Oh my bleeding Subjectivist ears!

Are you an audio Objectivist or Subjectivist? Many of us here probably have stories of the days when we were hi-fi 'Subjectivists'. There were days when I bought into the whole perfect sound philosophy. Several friends and I used to share our ideas and we tried everything to squeeze a little more performance from the best systems we could afford with our limited budgets. We elevated speaker wires, meticulously trimmed wires and cables to keep them separate from any other lines. We regularly cleaned all connections and spent a little more than I care to admit on interconnects. Now I know better.

But there was a certain joy back then. It was a love not only for the source material but for the hobby itself that drove us to try any crazy theory we read in a magazine or just came up with ourselves.

A recent Audioholics editorial by Tom Andry highlighted examples of the subjective vs. Objective hi-fi philosophies. The quotes were mostly from commercial sources promoting subjectivism in hi-fi. They ranged from humorous to potentially criminal. Sadly, many quotes were from hi-fi journalists, the very people who should be trusted and held to task.

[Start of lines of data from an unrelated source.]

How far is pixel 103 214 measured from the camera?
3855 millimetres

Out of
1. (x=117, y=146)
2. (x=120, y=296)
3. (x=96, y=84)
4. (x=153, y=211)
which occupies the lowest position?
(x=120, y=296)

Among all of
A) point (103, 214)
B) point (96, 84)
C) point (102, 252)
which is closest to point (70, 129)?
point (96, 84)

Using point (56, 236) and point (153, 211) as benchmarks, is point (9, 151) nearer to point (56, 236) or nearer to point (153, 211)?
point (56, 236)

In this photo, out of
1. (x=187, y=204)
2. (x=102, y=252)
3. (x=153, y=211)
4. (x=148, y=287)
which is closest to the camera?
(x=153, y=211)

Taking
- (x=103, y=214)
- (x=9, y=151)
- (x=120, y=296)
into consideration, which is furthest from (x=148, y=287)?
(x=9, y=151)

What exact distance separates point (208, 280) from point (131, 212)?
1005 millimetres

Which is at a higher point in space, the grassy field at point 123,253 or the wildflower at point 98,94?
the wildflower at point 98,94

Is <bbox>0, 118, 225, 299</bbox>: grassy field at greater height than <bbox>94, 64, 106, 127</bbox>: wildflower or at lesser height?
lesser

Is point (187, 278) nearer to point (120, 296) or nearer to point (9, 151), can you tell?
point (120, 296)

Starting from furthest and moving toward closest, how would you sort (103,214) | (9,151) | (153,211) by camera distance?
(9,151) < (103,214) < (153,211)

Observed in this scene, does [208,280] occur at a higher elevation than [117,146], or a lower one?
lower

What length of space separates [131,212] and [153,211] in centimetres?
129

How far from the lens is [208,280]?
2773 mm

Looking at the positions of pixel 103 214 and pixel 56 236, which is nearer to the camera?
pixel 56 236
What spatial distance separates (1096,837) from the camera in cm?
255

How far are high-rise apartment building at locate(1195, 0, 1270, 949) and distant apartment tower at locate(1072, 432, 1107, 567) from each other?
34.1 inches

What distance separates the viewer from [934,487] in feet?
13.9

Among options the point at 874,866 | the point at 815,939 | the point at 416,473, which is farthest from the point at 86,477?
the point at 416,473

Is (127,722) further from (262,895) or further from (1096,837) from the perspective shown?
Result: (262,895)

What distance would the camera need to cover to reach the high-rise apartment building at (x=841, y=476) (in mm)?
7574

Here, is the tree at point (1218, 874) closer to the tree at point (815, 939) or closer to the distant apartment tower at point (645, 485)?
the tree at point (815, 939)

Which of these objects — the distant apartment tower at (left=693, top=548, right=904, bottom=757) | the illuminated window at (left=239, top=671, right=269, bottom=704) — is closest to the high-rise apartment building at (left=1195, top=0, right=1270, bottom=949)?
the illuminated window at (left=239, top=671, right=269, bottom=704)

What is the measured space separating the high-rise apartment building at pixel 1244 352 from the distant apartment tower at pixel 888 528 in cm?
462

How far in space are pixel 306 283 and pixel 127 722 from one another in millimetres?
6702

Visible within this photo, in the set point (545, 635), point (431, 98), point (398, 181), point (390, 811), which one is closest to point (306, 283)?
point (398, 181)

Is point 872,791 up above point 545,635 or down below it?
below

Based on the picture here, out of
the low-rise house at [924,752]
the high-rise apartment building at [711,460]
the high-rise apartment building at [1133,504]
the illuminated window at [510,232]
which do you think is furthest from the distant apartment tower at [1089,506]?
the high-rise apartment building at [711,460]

Hi-fi subjectivism isn't all bad. But as Objectivists we seek truth. In the interest of my own balanced search for truth, I maintain a close acquaintance with at least one dyed-in-the-wool hi-fi Subjectivist.

Mr. Subjectivist is the patron of a local high-end audio store. I regularly visit to rifle through the store's used section, hunting for overlooked morsels at bargain prices. He's a well-mannered man and a good conversationalist. If he has time he provides me demonstrations of the most esoteric systems I've heard with price tags so high it's comical. I'll sit and listen to a vinyl recording of jazz or acoustic blues. One day we might sit in front of speakers with boxes made from some exotic material developed for space travel. You just never know what will be next.

I'm a self-styled hi-fi Objectivist and regular reader, sometimes contributor to Audioholics. As such I believe I will never stop learning and I keep an open mind. I agree with 90% of what our Subjectivist says. I believe he's right on the money when he talks about current and high-capacity power supplies contributing to good sound. I agree in principle that quality electronic components often add up to make an audible difference that's greater than the sum of the individual parts. He justifiably encourages customers to try something a tad higher end than they were shopping for. He genuinely wants to turn the casual listener into a connoisseur of the human sense of hearing. In this pursuit I believe he serves a greater good.

But then Mr. Subjectivist will go off the deep end and with a straight face will suggest that Shakti stones will really open up the acoustics of a given system. Hearing a grown man admit to believing he hears an audible improvement to sound quality because he laid a rock blessed by Hindu Gods on his amplifier makes me want to barf.

High-End Philosophy

Subjective philosophy is the belief there can be virtually no ceiling to the ”quality” of recorded sound. There exists an explicit hierarchy of acoustic quality predicated on an endless series of noticeable differences. It's a surprisingly Newtonian outlook for modern man that supposedly benefits from 200 years of science and discovery.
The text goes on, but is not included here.